Dan had coincidentally already bought this collection as a Christmas present for his partner B. She used to buy it as a child on holiday in the small Scottish village of Cullen, a dull place for a teenager, with just a chip shop, an ice cream parlour and a local store which blessedly stocked Misty. Cullen is exactly the sort of ordinary place you could imagine featuring in a Misty strip. It is a comic seething beneath the mundane surface with repressed evil.
He found it hard to read and couldn’t really get interested, but wondered whether this was partly to do with the original four page format which comes with a lot of inbuilt repetition and recapping. He hated the artwork which he described as ‘butt ugly and revolting.’ Dan can always be relied on to deliver good insulting adjectives.
As a read he ‘didn’t expect to enjoy it and didn’t’. Two stars.
Kelvin found it easy to read and really enjoyed it. He liked the central female characters, calling them ‘odd’ and ‘earnest’.
Taking on Dan’s usual job as font policeman, Kelv took issue with the lettering and its weird angular bubbles – a big stumbling block for me as well. It is certainly very different from the current standard. Kelvin described it as ‘sub optimal’.
It was three stars from Kelv – ‘I liked it a bit more than Dan.’
Tom is a big 2000AD fan, and knew about their publisher Rebellion’s acquisition of Misty and other British comics from the period. He wasn’t intending to read this one however and raised the interesting question which hangs over any gender specific publication, querying whether it was ‘for him’? For that reason he would normally steer clear of something like Misty, but was glad he hadn’t this time.
I wondered whether Misty would chime with a young, contemporary female audience? In the US, comics which appeal to girls have come on in leaps and bounds in recent years thanks to the likes of Ms. Marvel, Squirrel Girl and Moon Girl; heroes with attitude and a definite sense of fun. Salamander Girl and her moody, melodramatic ilk are notably absent from their ranks.
In the UK, which currently has precisely zero mainstream comics specifically aimed at girls (correct me if I’m wrong), there might still be a market for an updated version of this sort of thing amongster readers of Young Adult fiction. I could easily imagine a YA book being published featuring an outsider girl struggling to deal with her latent psychic powers.Why not give them some cool, beautiful comics too? Comics for everyone.

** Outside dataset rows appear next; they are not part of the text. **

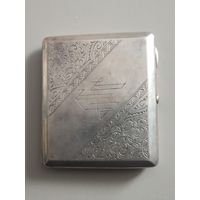 Портсигар серебряный  1927-1955-е годы. Винтаж .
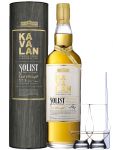 Kavalan Solist Ex-Bourbon Cask Whisky 0,7 Liter + 2 Glencairn Glser + Einwegpipette 1 Stck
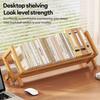 New Retro Wooden Desktop Bookshelf Stable Space-saving Tilting Book Shelf Multi-Purpose Desk Bookshelf Office
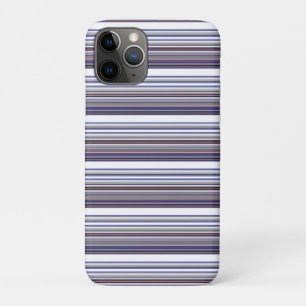 Case-Mate iPhone Case Jolies rayures grises bleues modernes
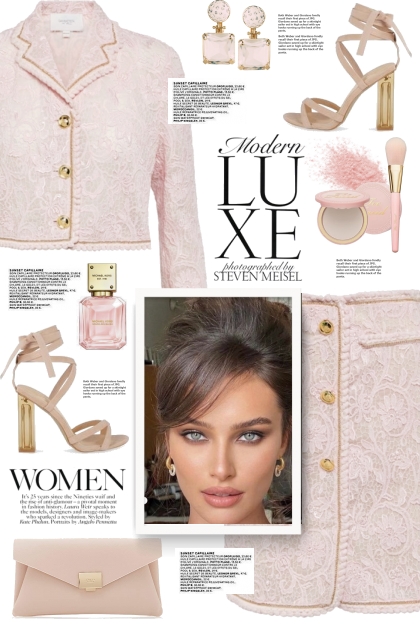 Pink Lace Suit!- Modna kombinacija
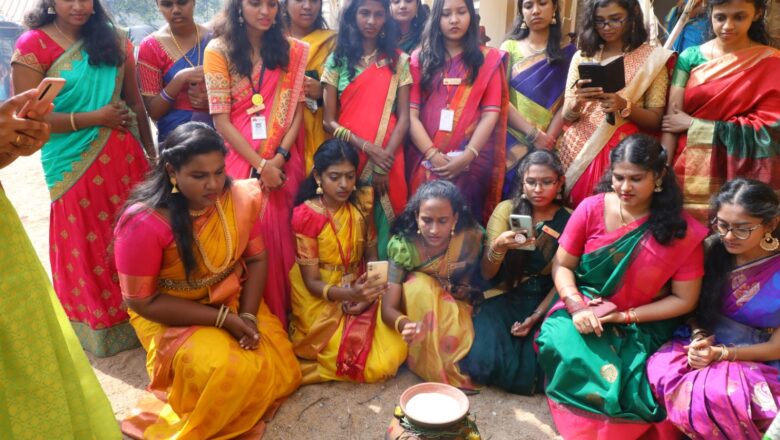 ஸ்ரீ ஷங்கர்லால் சுந்தர்பாய் ஷாசுன் ஜெயின் பெண்களுக்கான கல்லூரியில் 2023 ஆம் ஆண்டு மாணவர் மன்றத்தால் ஏற்பாடு செய்யப்பட்ட பொங்கல் விழா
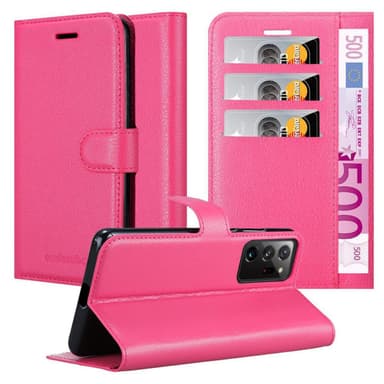 Samsung Galaxy NOTE 20 PLUS Plånboksfodral Skal (Rosa)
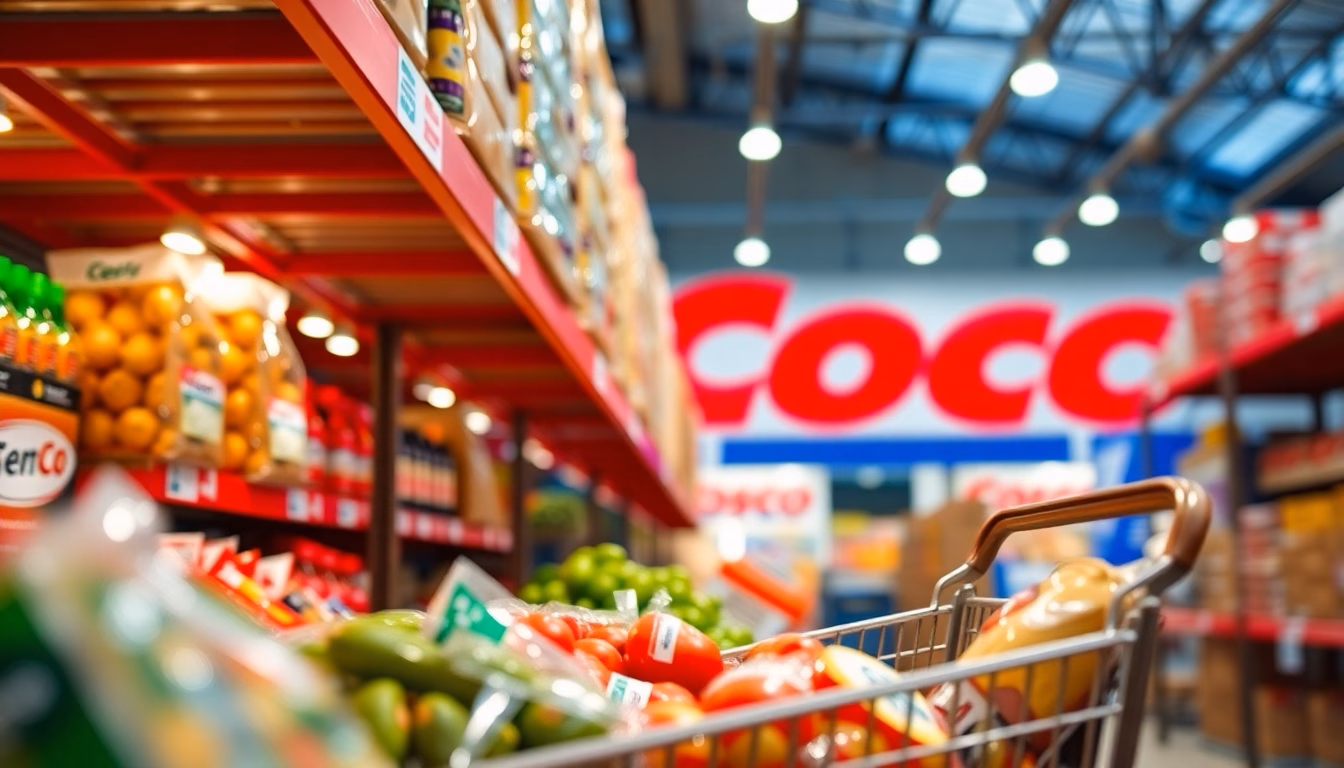 client costco utilisant tablette technologie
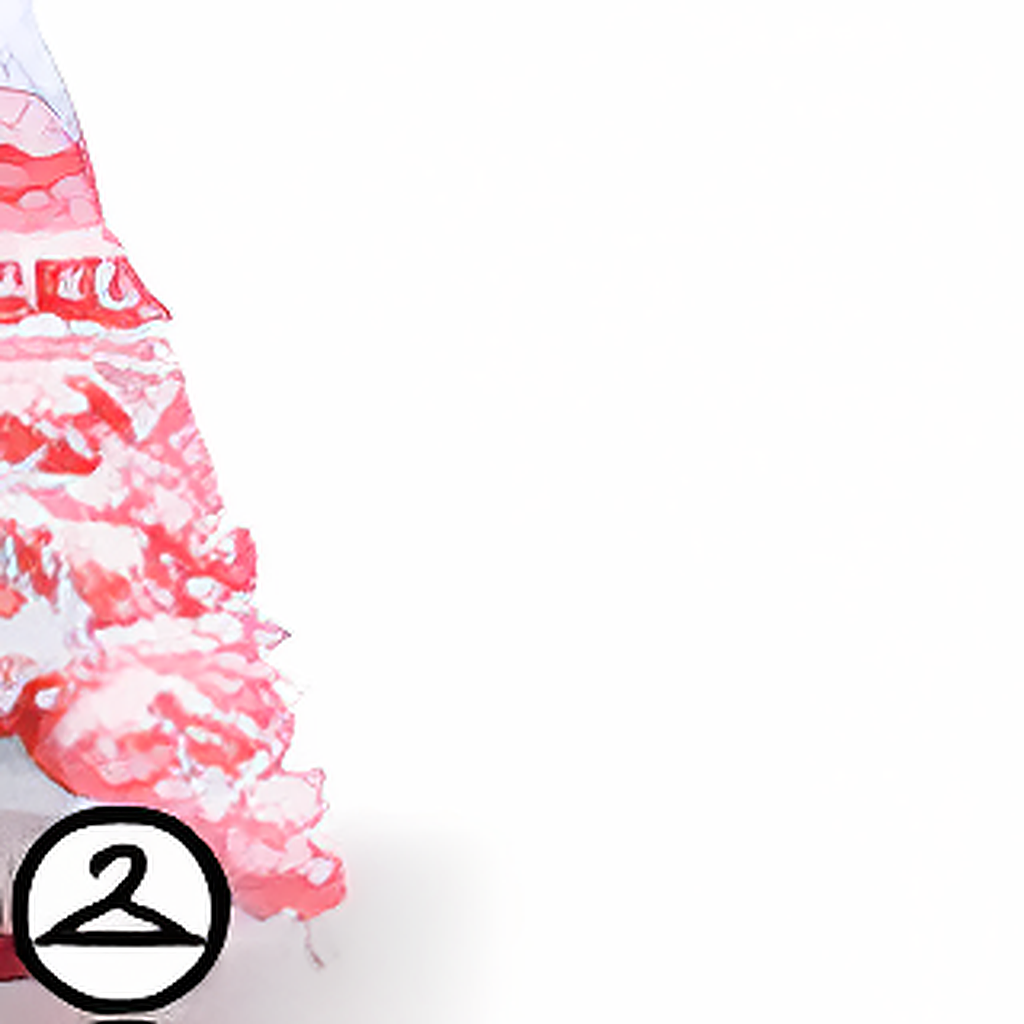 Dyeworks Pink: White Christmas Side Tree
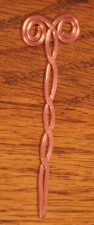 Anja's copper twist pin/pendant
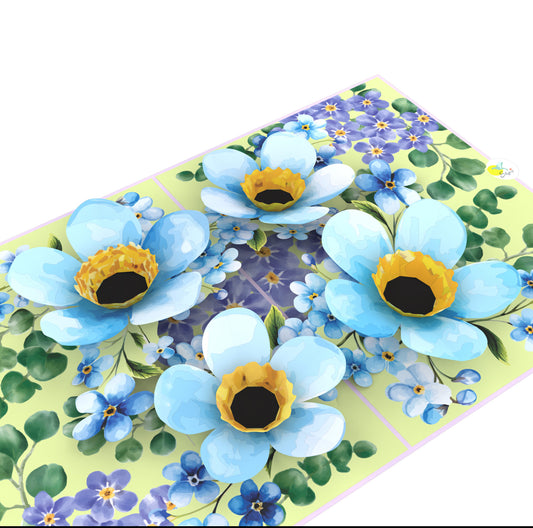 Brilliant Blue Forget Me Not Flowers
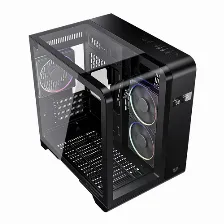 Gabinete Balam Rush Thank Expert Curve 6400, Mini-tower, Micro-atx/mini-itx, 3x Ventiladores, Negro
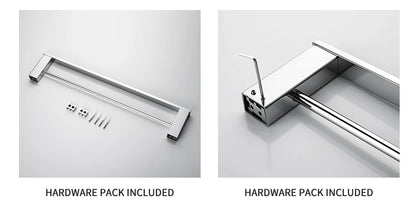 Stainless Steel Bathroom Wall Shelf Towel Bar Rack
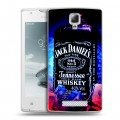 Дизайнерский пластиковый чехол для Lenovo A1000 Jack Daniels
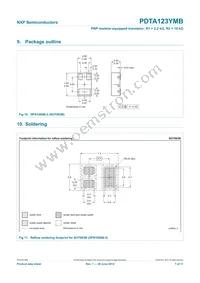 PDTA123YMB Datasheet Page 8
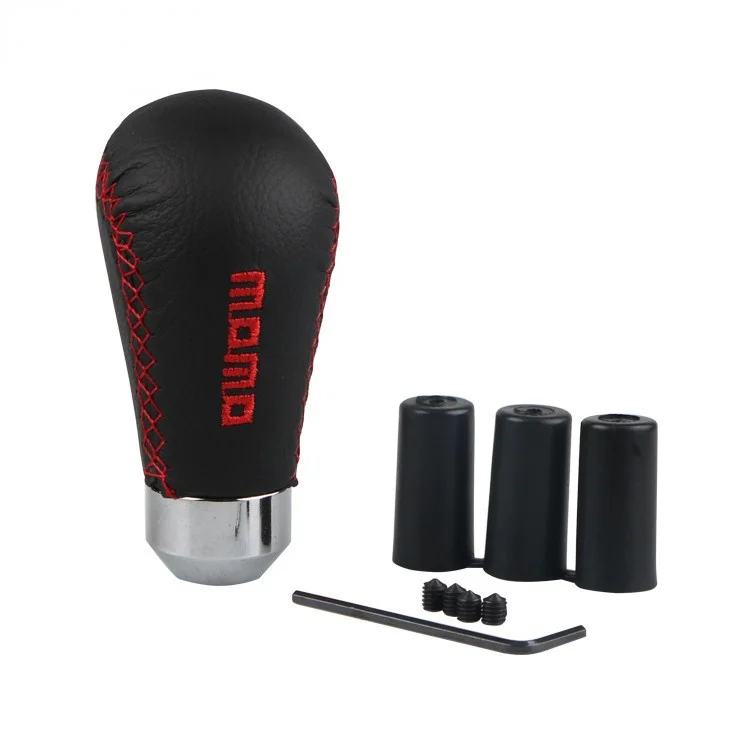 

1X Universal MOMO Leather Car Gear Shift Knob for Citroen Renault TOYOTA AT MT ARM Manual Stick Lever POMO Gear Shifter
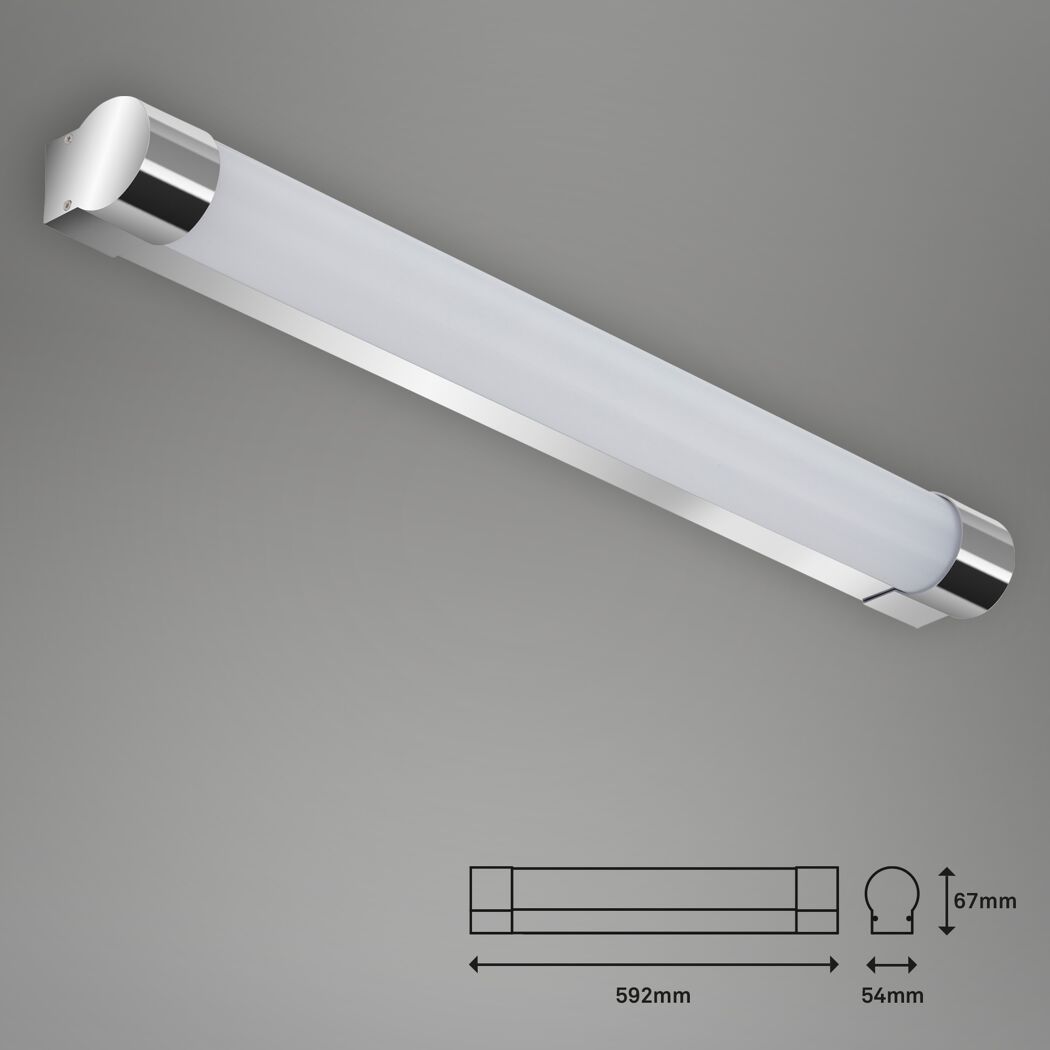 LED-Badwandleuchte 'Splash' 10 W 1200 lm neutralweiß 6,7 x 5,4 x 592 cm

One thing I don’t think you’d get away with in such a publication today is employing an almost exclusively male creative team as they did on Bunty. The notable exception here is Shirley Bellwood, a stalwart of British girl’s comics who created many of the superb covers featuring the alluring, yet mysterious ‘Misty’. The character, rather fabulously, was based on Shirley herself as a young woman.
Tom said he thought the firs story in the volume, Moonchild was a very typical example of how comics were written at the time. The writers were under time pressure and would often look to the wider popular culture for inspiration – so a big movie Jaws might spawn a strip about pack of rabid, weaponized sharks.
Moonchild owes a debt to the movie Carrie, something author Pat Mills is open about in his introduction. He has suitably altered it for a younger British audience, with the school prom now a genuinely horrifying children’s party and the bucket of blood replaced by a birthday cake containing cat meat, fag butts, rotten eggs, fish tails and mud. Standard fare in 70s Britain.
The horror of child abuse scandals now hangs heavy over much entertainment produced in this era and Misty faces the subject head on. Moonchild opens with a startling courtroom scene in which a mother is acquitted of the brutal treatment of her child.
In the Four Faces of Eve, three dead girls become one when they are subjected to a Frankenstein like experiment. Eve runs from her abusive ‘creators’ who have decided to destroy her rather than let her expose their crimes.
Her salvation comes in the form of a travelling circus, whose apparently benevolent boss, we agreed, seems rather too keen to lie to the police when he takes her in as her own.
I had a few niggles about the production. Having acquired a few original issues printed on lovely warm brown paper, I was disappointed to see that the size had been somewhat reduced here and the glossy paper stock a little sharp. The first story has been edited together with some of the panels rather ham-fistedly retouched to fit the new format. While they had the felt tips out it might have been an idea to have a go at the horrible font too.
I gave the book four stars, and will be getting the next volume which features a story about a tower block containing ‘a parallel world where the Nazis conquered Britain in 1940’! I don’t think Dan’s partner B will be back for more, although it wasn’t the absolute worst Chrismas he could have got her: “At least it wasn’t Bunty,” she added. “Bunty was for babies”.